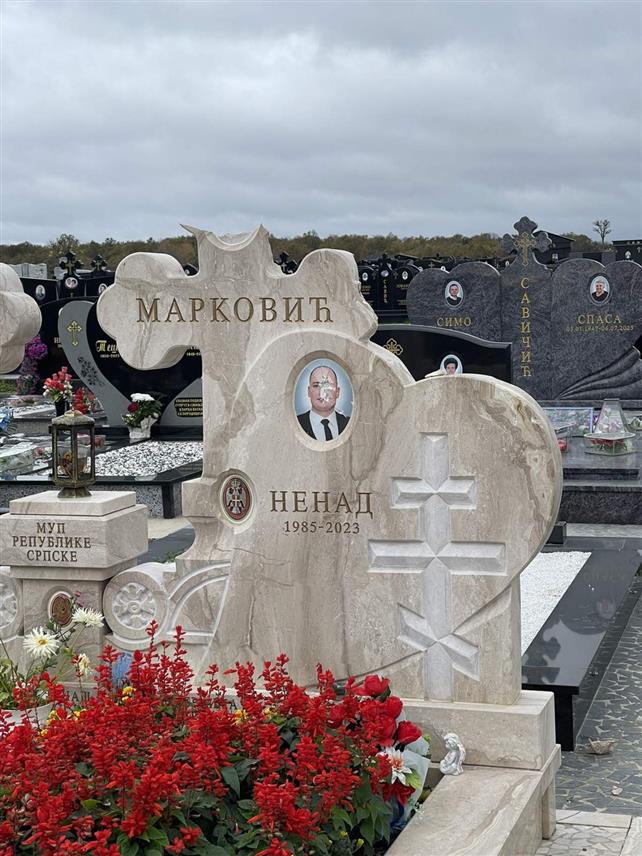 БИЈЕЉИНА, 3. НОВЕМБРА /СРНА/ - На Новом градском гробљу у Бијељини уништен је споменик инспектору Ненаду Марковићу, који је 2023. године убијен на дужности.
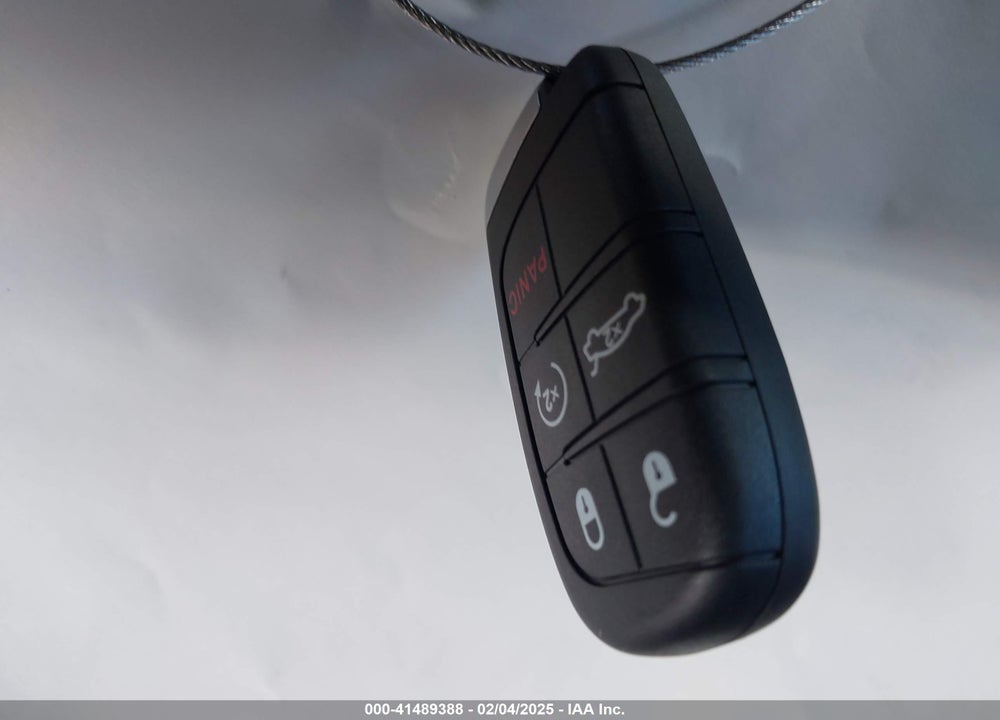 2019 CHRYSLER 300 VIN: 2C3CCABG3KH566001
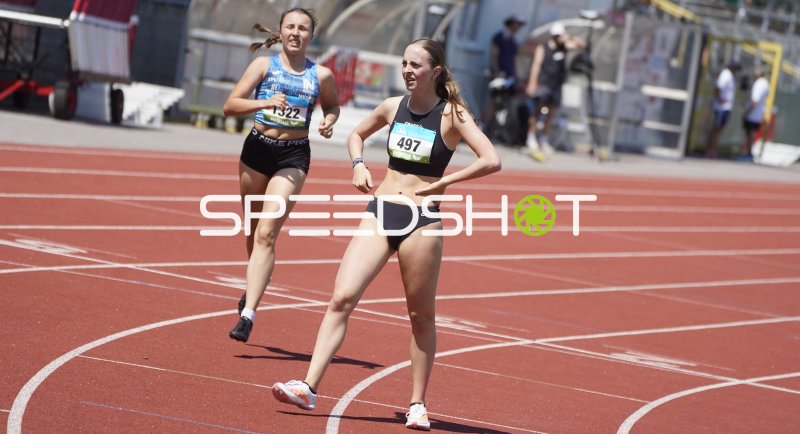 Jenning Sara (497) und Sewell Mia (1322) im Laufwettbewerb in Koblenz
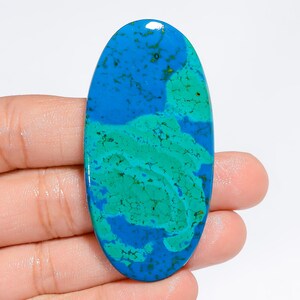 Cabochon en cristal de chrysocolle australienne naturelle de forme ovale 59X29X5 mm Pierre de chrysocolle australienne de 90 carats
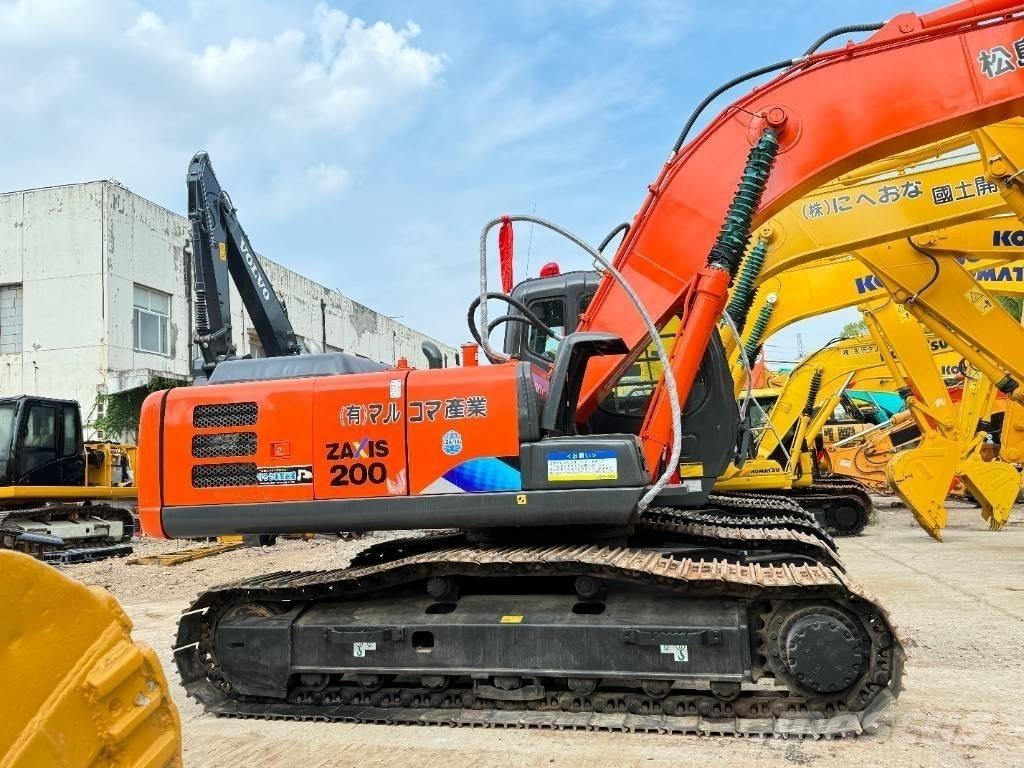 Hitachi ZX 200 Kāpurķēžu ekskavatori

EXERCISE DESCRIPTION:
Would you transcribe each of the entries exactly, skipping the pictures?

TASK OUTPUT:
 БИЈЕЉИНА, 3. НОВЕМБРА /СРНА/ - На Новом градском гробљу у Бијељини уништен је споменик инспектору Ненаду Марковићу, који је 2023. године убијен на дужности.
 2019 CHRYSLER 300 VIN: 2C3CCABG3KH566001
 Jenning Sara (497) und Sewell Mia (1322) im Laufwettbewerb in Koblenz
 Cabochon en cristal de chrysocolle australienne naturelle de forme ovale 59X29X5 mm Pierre de chrysocolle australienne de 90 carats
 Hitachi ZX 200 Kāpurķēžu ekskavatori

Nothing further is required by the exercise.